Informal surveys of the markers have been made by Rohatyn Jewish descendants in the past, showing at least 22 fixed complete or partial headstones and grave covers, plus post-war memorials. Ongoing cemetery clearing will undoubtedly reveal additional fixed headstone fragments and some loose fragments; systematic gentle probing of the cemetery surface may also indicate more fragments. In late 2017, a first boundary and coarse elevation survey of the old cemetery was conducted by an engineer for ESJF European Jewish Cemeteries Initiative, as part of a wide European cemetery survey program intended for cost estimation in cemetery fencing projects. Data from this survey can be used for preliminary planning in Rohatyn, but a more detailed and comprehensive survey of fixed elements in the cemetery is still needed.

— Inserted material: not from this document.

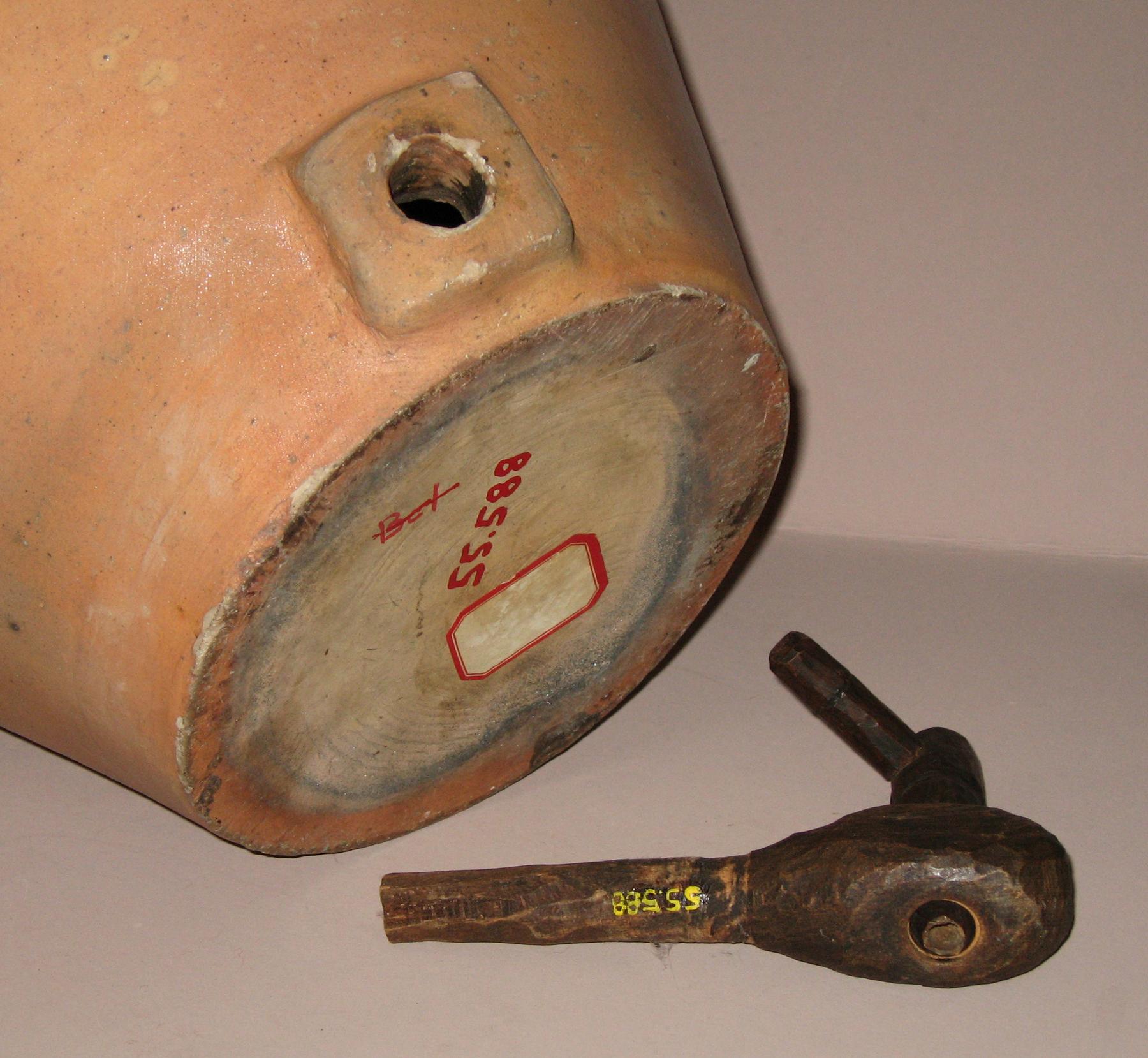 1955.0588 Salt-glazed stoneware water cooler or cistern (bottom)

Detailed design of landscaping to stabilize the appearance and minimize the recurring maintenance of the old cemetery will be developed as part of the Fulbright research project to be completed in June 2020. An initial concept for rehabilitation of the cemetery was created for RJH by Andrij Bojarov, a Lviv-based visual artist trained in architecture and frequently working on public spaces. That concept adapted ideas from projects of Piet Oudolf, a Dutch designer of many public and private gardens in the US and across Europe; significantly, Oudolf designed the Gardens of Remembrance in Battery Park in New York City as a memorial for victims of the World Trade Center attacks of 2001, but his work also appears in many other types of public spaces and is celebrated for its year-round visual appeal, durability, and sustainability. For a project at the south mass grave memorial, Rohatyn Jewish Heritage has also engaged the design services of a Lviv-based landscaping firm, Green Garden. Plant suggestions, methods, and other aspects from both of these concepts will be considered in early research for the old cemetery project; decisions and detailed designs will be made with the advice of experts contributing to the Fulbright work.
A Memorial Monument for Recovered Headstones
A key feature of the rehabilitated old cemetery space will be a memorial monument incorporating the recovered Jewish headstones which are currently being collected in groups as they are returned along the western (lower) end of the northern edge of the cemetery. The design and technical details of the monument will be evaluated and defined as part of the Fulbright research project. An important factor influencing concepts for the monument is that the recovery of headstone fragments is very much still in progress, and likely will continue for decades to come; thus, even though hundreds of fragments and whole stones have been recovered, far more still lie undiscovered under Rohatyn streets, and the monument should be designed to accommodate their future inclusion. Most of the headstones removed from the cemeteries during the war were broken into two to four fragments; although we have yet to find two large fragments from the same original headstone, that possibility becomes probable when considering the number of stone pieces still hidden.
For this reason, our initial concept for the monument does not include a lapidarium or similar wall incorporating headstone fragments permanently fixed with hard materials, as has been constructed at many damaged Jewish cemeteries in Europe. Rather, following an idea developed by artist Andrij Bojarov, we are considering a low concrete pedestal to support the recovered stones, two or more meters wide and running in a sweeping arc along most of the high northern edge of the cemetery, with a path alongside and nearby signage so that visitors can study to fragments and consider their original placement.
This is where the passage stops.